Required action: Copy each of the records exactly.

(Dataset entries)
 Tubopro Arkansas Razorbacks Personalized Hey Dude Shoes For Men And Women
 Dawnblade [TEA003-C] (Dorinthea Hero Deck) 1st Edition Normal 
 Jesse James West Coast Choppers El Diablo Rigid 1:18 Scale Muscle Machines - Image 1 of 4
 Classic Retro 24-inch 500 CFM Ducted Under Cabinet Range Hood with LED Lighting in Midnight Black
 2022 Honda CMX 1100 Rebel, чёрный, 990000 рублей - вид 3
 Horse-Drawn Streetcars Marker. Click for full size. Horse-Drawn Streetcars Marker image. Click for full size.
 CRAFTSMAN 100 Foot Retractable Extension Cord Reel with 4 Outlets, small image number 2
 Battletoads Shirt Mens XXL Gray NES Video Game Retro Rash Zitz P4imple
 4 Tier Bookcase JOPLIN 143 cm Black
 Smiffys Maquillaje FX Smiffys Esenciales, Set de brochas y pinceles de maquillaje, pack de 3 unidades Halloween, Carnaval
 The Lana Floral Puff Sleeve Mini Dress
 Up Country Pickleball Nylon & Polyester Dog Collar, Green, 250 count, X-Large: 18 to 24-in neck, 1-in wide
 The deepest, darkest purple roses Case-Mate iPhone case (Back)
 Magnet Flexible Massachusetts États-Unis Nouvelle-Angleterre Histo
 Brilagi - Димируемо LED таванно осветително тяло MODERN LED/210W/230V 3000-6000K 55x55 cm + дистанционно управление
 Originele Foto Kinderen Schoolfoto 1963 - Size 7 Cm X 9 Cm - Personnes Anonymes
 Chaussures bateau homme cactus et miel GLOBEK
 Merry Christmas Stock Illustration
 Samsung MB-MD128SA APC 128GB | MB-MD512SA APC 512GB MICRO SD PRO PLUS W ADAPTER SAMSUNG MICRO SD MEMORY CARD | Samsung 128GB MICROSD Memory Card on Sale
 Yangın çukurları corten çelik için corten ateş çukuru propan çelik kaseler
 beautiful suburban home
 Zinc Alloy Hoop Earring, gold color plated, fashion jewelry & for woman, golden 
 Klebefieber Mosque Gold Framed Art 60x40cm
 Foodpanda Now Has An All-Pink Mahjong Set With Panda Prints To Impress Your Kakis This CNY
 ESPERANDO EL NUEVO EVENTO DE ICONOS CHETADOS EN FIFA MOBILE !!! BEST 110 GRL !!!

Written answer:
 Tubopro Arkansas Razorbacks Personalized Hey Dude Shoes For Men And Women
 Dawnblade [TEA003-C] (Dorinthea Hero Deck) 1st Edition Normal 
 Jesse James West Coast Choppers El Diablo Rigid 1:18 Scale Muscle Machines - Image 1 of 4
 Classic Retro 24-inch 500 CFM Ducted Under Cabinet Range Hood with LED Lighting in Midnight Black
 2022 Honda CMX 1100 Rebel, чёрный, 990000 рублей - вид 3
 Horse-Drawn Streetcars Marker. Click for full size. Horse-Drawn Streetcars Marker image. Click for full size.
 CRAFTSMAN 100 Foot Retractable Extension Cord Reel with 4 Outlets, small image number 2
 Battletoads Shirt Mens XXL Gray NES Video Game Retro Rash Zitz P4imple
 4 Tier Bookcase JOPLIN 143 cm Black
 Smiffys Maquillaje FX Smiffys Esenciales, Set de brochas y pinceles de maquillaje, pack de 3 unidades Halloween, Carnaval
 The Lana Floral Puff Sleeve Mini Dress
 Up Country Pickleball Nylon & Polyester Dog Collar, Green, 250 count, X-Large: 18 to 24-in neck, 1-in wide
 The deepest, darkest purple roses Case-Mate iPhone case (Back)
 Magnet Flexible Massachusetts États-Unis Nouvelle-Angleterre Histo
 Brilagi - Димируемо LED таванно осветително тяло MODERN LED/210W/230V 3000-6000K 55x55 cm + дистанционно управление
 Originele Foto Kinderen Schoolfoto 1963 - Size 7 Cm X 9 Cm - Personnes Anonymes
 Chaussures bateau homme cactus et miel GLOBEK
 Merry Christmas Stock Illustration
 Samsung MB-MD128SA APC 128GB | MB-MD512SA APC 512GB MICRO SD PRO PLUS W ADAPTER SAMSUNG MICRO SD MEMORY CARD | Samsung 128GB MICROSD Memory Card on Sale
 Yangın çukurları corten çelik için corten ateş çukuru propan çelik kaseler
 beautiful suburban home
 Zinc Alloy Hoop Earring, gold color plated, fashion jewelry & for woman, golden 
 Klebefieber Mosque Gold Framed Art 60x40cm
 Foodpanda Now Has An All-Pink Mahjong Set With Panda Prints To Impress Your Kakis This CNY
 ESPERANDO EL NUEVO EVENTO DE ICONOS CHETADOS EN FIFA MOBILE !!! BEST 110 GRL !!!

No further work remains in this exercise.